Except for images, print the whole listing verbatim.
[Data extract]
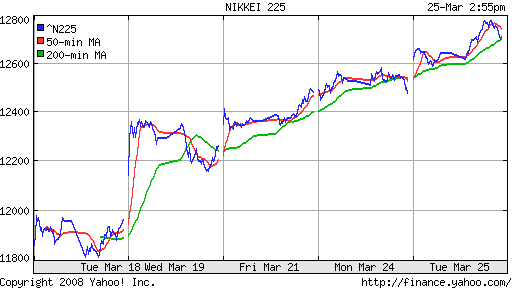Nikkei-225 (Japan)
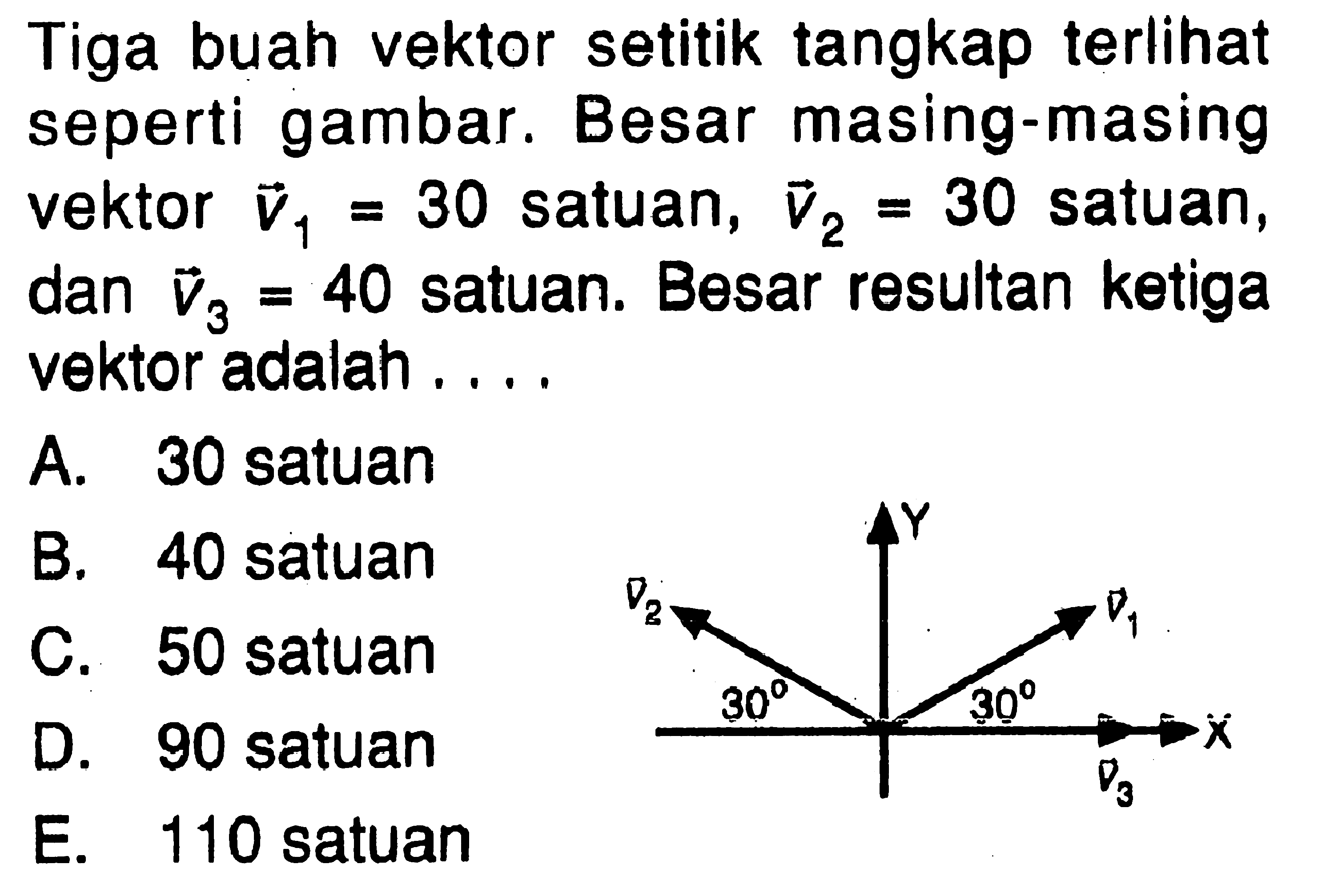 Tiga buah vektor setitik tangkap terlihat seperti gambar. Besar masing-masing vektor v1=30 satuan, v2=30 satuan, dan v3=40 satuan. Besar resultan ketiga vektor adalah....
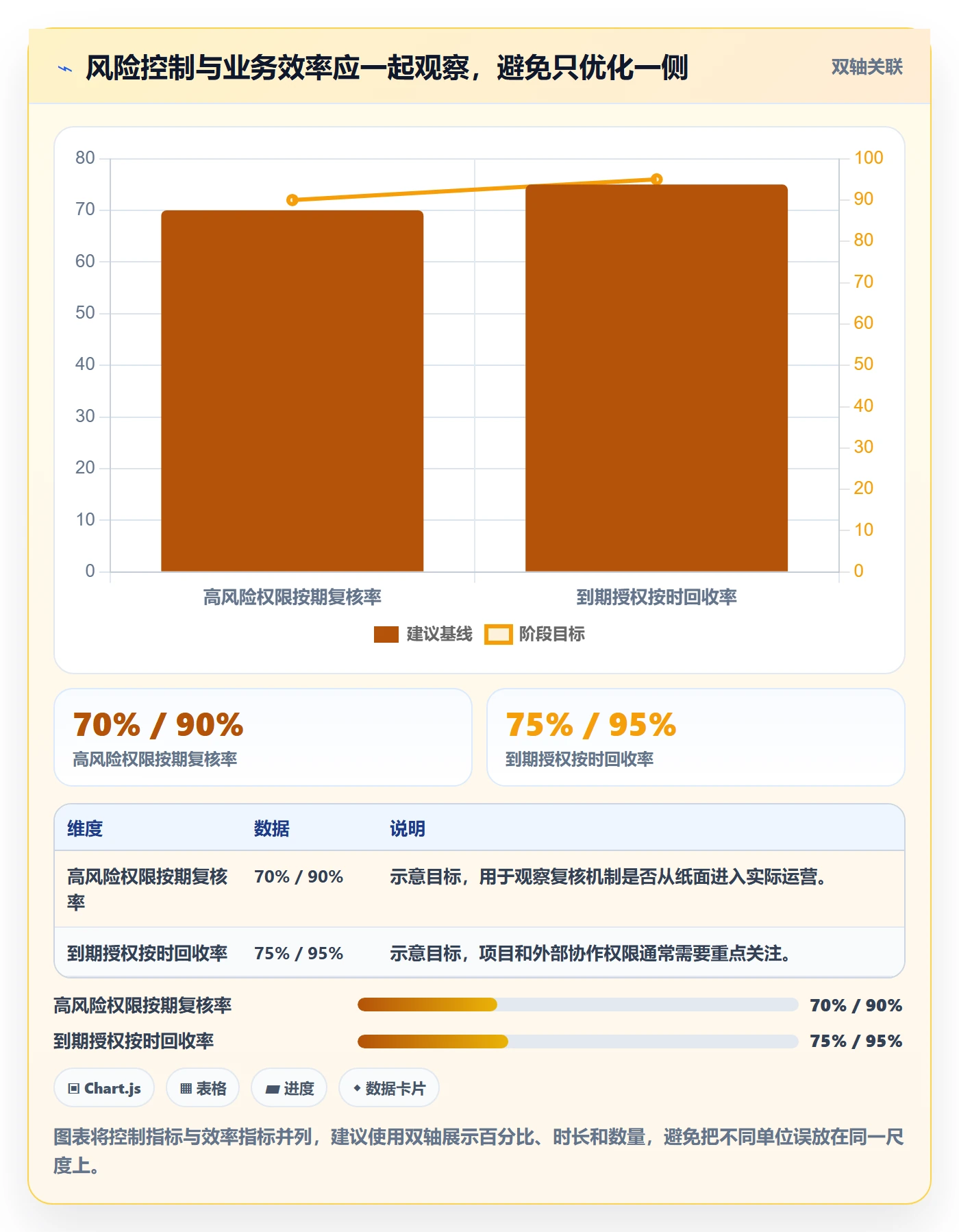 角色怎么做?企业管理者落地方案:资源管理从0到1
[/Data extract]
• [Finished exercise]:
Nikkei-225 (Japan)
 Tiga buah vektor setitik tangkap terlihat seperti gambar. Besar masing-masing vektor v1=30 satuan, v2=30 satuan, dan v3=40 satuan. Besar resultan ketiga vektor adalah....
 角色怎么做?企业管理者落地方案:资源管理从0到1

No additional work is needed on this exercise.